HOW TO COMPLETE THIS TASK:
All of the data that follows is to be printed exactly, without pictures.

INFORMATION SHOWN:
= = = =

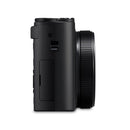 Panasonic LUMIX ZS300 compact camera with 15x zoom lens and 4K video recording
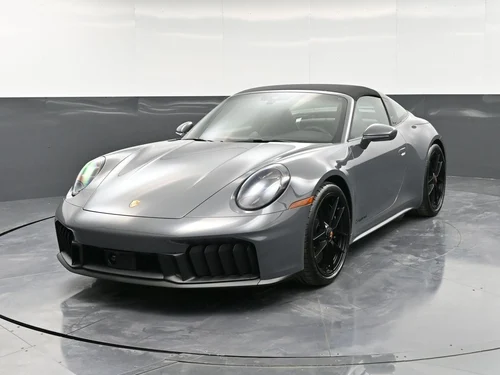 
           New 
        2026 Porsche 911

= = = =

ANSWER BELOW:
 Panasonic LUMIX ZS300 compact camera with 15x zoom lens and 4K video recording
           New 
        2026 Porsche 911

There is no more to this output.